Jolie stood completely silent for a couple of heartbeats, the amusement shifting from her face. She abruptly turned, pretending to take a sip of her coffee, though he suspected her throat was as open to liquids as his was, and that was not at all.
“You didn’t have to come back for the papers, you know,” she finally said, placing her mug on the unfinished sink and turning to face him. “You could have just had your attorney call my attorney and remind him.” She hugged herself, the unconscious action making his own arms ache to hold her. “Remind me.”
As Dusty watched her shut herself off from him, he reminded himself that her emotional distance wasn’t a result of his leaving. It was one of the things that had propelled him to leave.
He mindlessly gathered his tools together and pushed to his feet. “I suppose I could have done that.” He faced her. “If I thought calling would have had a chance in hell of working, I would have.” He stepped closer to her. “Admit it, Jolie. When you stuck those papers into the drawer, you did so with no intention of signing them.”

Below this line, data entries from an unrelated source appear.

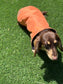 Waterproof Dachshund Winter Coat: Fleece Lined, Harness Hole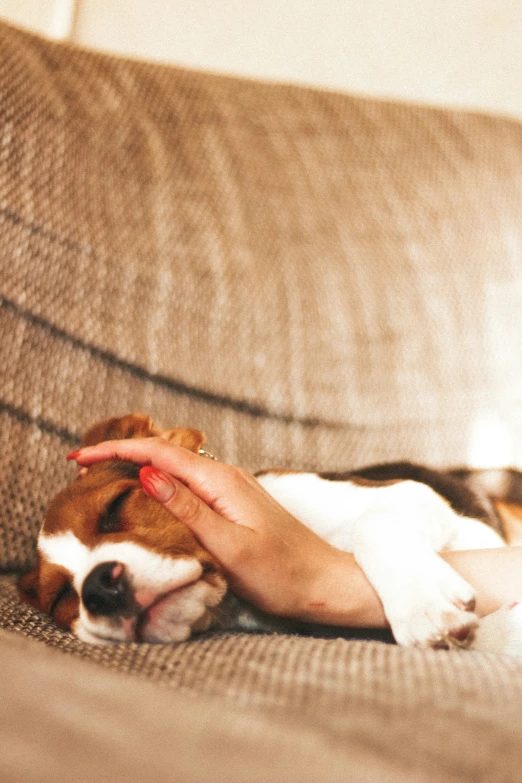 a small dog sleeping on the couch next to its owner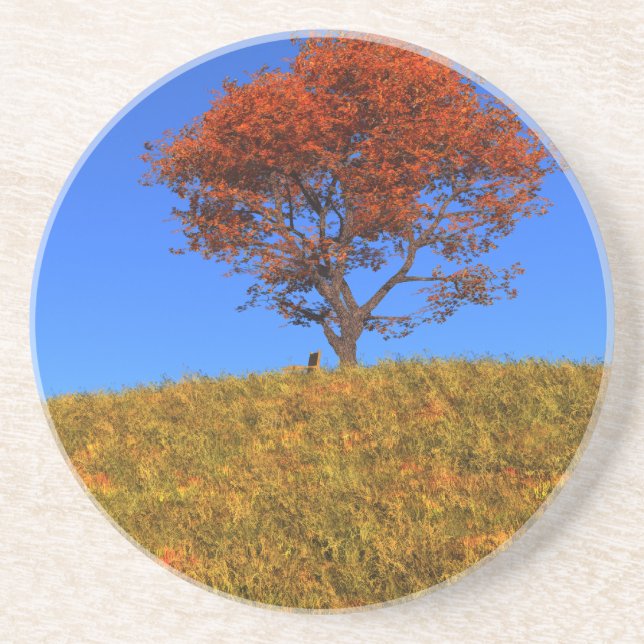 Untersetzer des Herbsttages löschen (Vorne)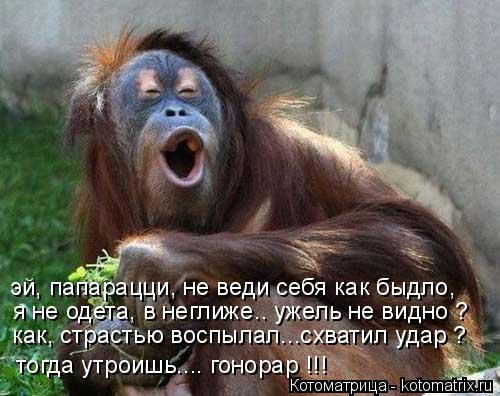 Котоматрица: эй, папарацци, не веди себя как быдло, я не одета, в неглиже.. ужель не видно ? как, страстью воспылал...схватил удар ? тогда утроишь.... гонорар !!!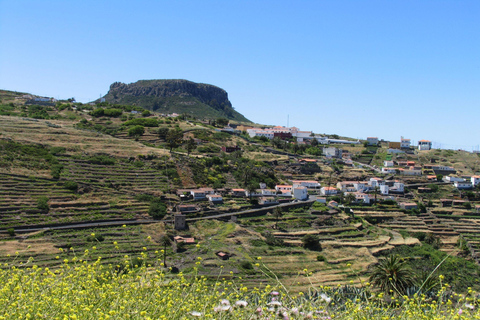 La Gomera: Tour guidati a piedi dalla Valle Gran ReyForesta pluviale il mercoledì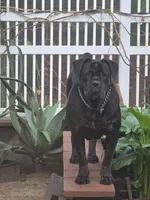 processed/d21556f9-dfae-437e-83c9-f7ff2cfb6211/listing/46d096d7-092a-453b-b4ef-ca4396192bdb/92168598-ff95-416d-bba8-13afca391679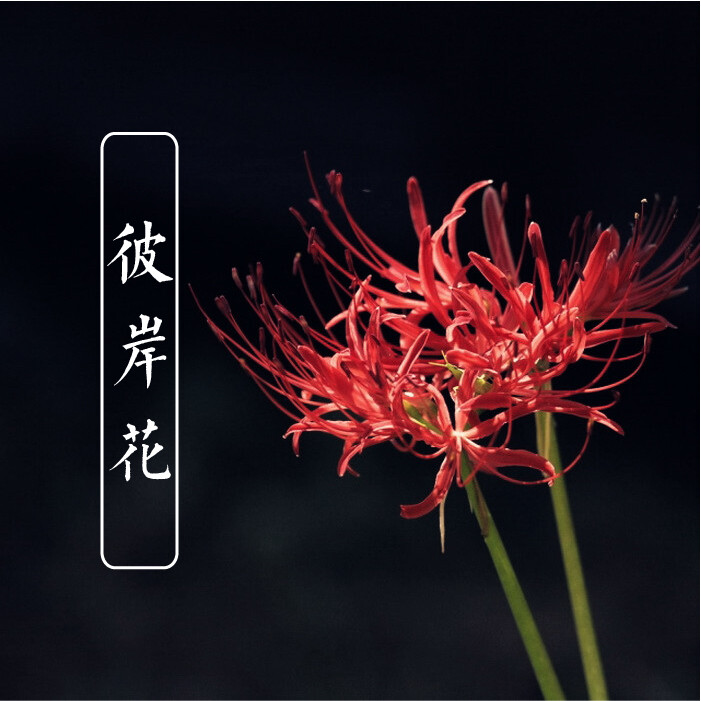 胭雨阁原创【彼岸花】私家调制女士持久香水|曼珠沙华 彼岸花香水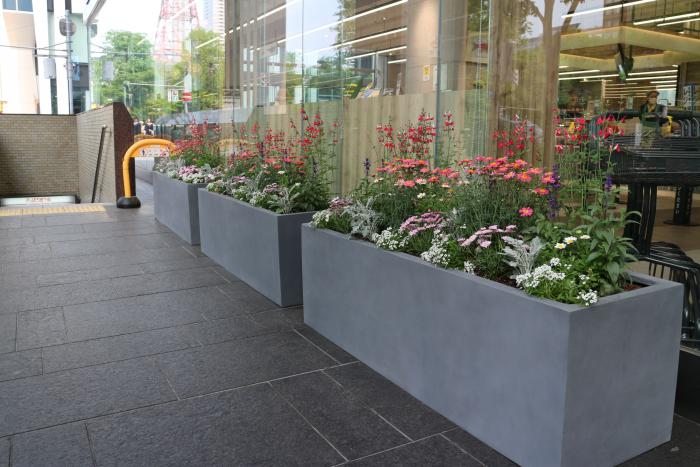 助成制度実績（北洋ビル緑化の写真1）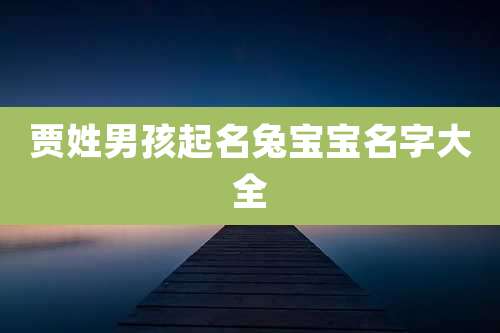 贾姓男孩起名兔宝宝名字大全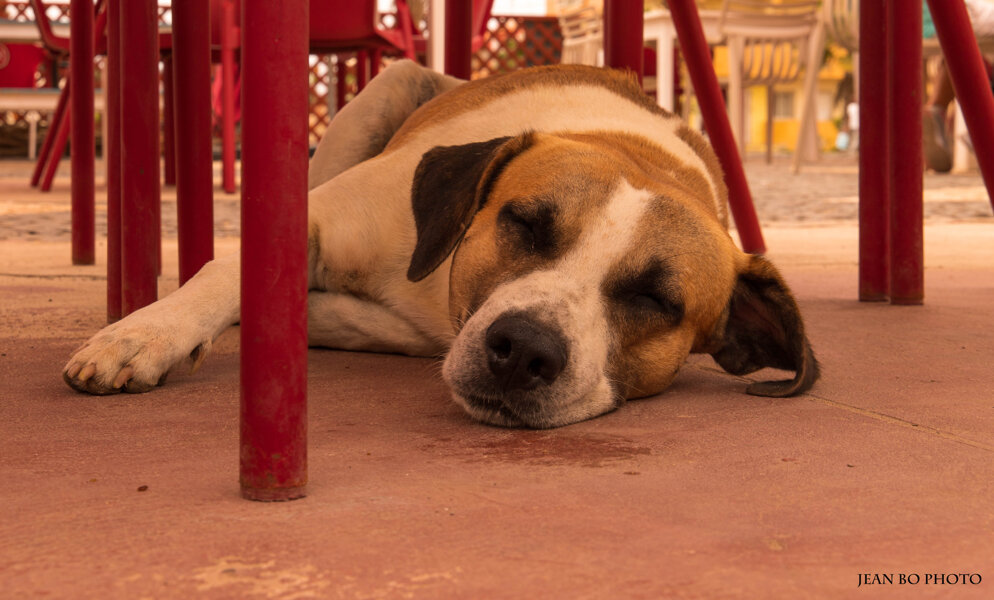Under the table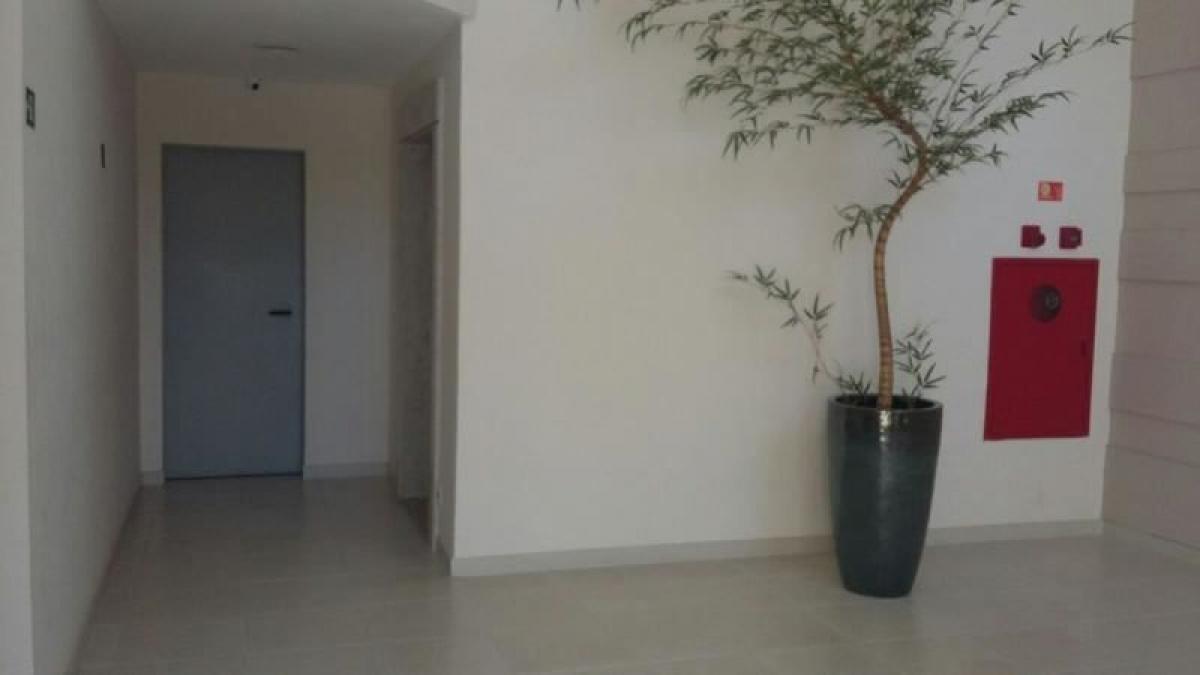 Studio in Sao Paulo, Brazil No. 464287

The way she blinked told him he was right. Jolie had never been very good at bluffing. Once upon a time, everything she felt, everything she thought, had been all right there on her lovely face for all to see. And right now he saw a woman bursting with a pain felt so deeply it reached out and enveloped him in its dark fingers. The emotion was the first honest one he’d seen from her in so long that it nearly knocked his knees out from under him.
“Oh, Jolie, the last thing I ever wanted to do was hurt you.”
Her brows drew together and her voice was low when she spoke. “How did you think I would feel when you left, Dusty? Filed for a…divorce? Did you think I’d be happy?”
He grimaced. She’d likely felt the same way he h
ad after he’d lost his brother, Erick, six months ago to the same kind of fire she fought nearly every day. A loss that had changed his life. Made him realize the importance of life period. “Of course I didn’t—”
“Please explain it to me, because right now I’m not understanding a whole lot. If you didn’t want to hurt me, then why did you leave? If you didn’t want to hurt me, then why did you send me divorce papers? If you didn’t want to hurt me, then why—” her voice caught “—why did you come back?”
“Aw, Jolie…”
Dusty wasn’t sure of the logistics, but suddenly his arms were full of Jolie. Sweet, soft, wonderful Jolie. Her fresh-smelling hair tickled his nose. Her breasts pressed against his chest. Her back was as rigid as all get out, and he was the only one doing all the holding, but right that minute it didn’t matter.
Given the way things had been between them in the end, he’d had no idea his leaving had hurt Jolie so deeply. So irreparably. She had always been so strong. Taken everything in stride. He’d thought she’d be relieved when he left. For the first time in five years of marriage she could lead her life the way she wanted without someone questioning what she was doing. All she was putting at risk every time she walked out that door and went to the fire station.
Hadn’t she grown tired of their arguments? Hadn’t she had enough of their going nose-to-nose at the dinner table until every last bit of their appetites left them?
“Aw, hell, Jolie,” he said, burrowing his nose into her hair and whispering into her ear. “I’ve never stopped wanting you.”
She drew back, her blue, blue eyes nearly swallowed by tears. It was all he could do not to kiss her then. To claim her trembling lips with his. To mold her compact little body to his. To show her with actions how very much he wanted her even now.
Her gaze dropped to his mouth and he nearly groaned, immediately pegging the gesture for what it was. She wanted to be kissed as much as he wanted to kiss her. And he knew in that instant that he was going to do it, consequences be damned.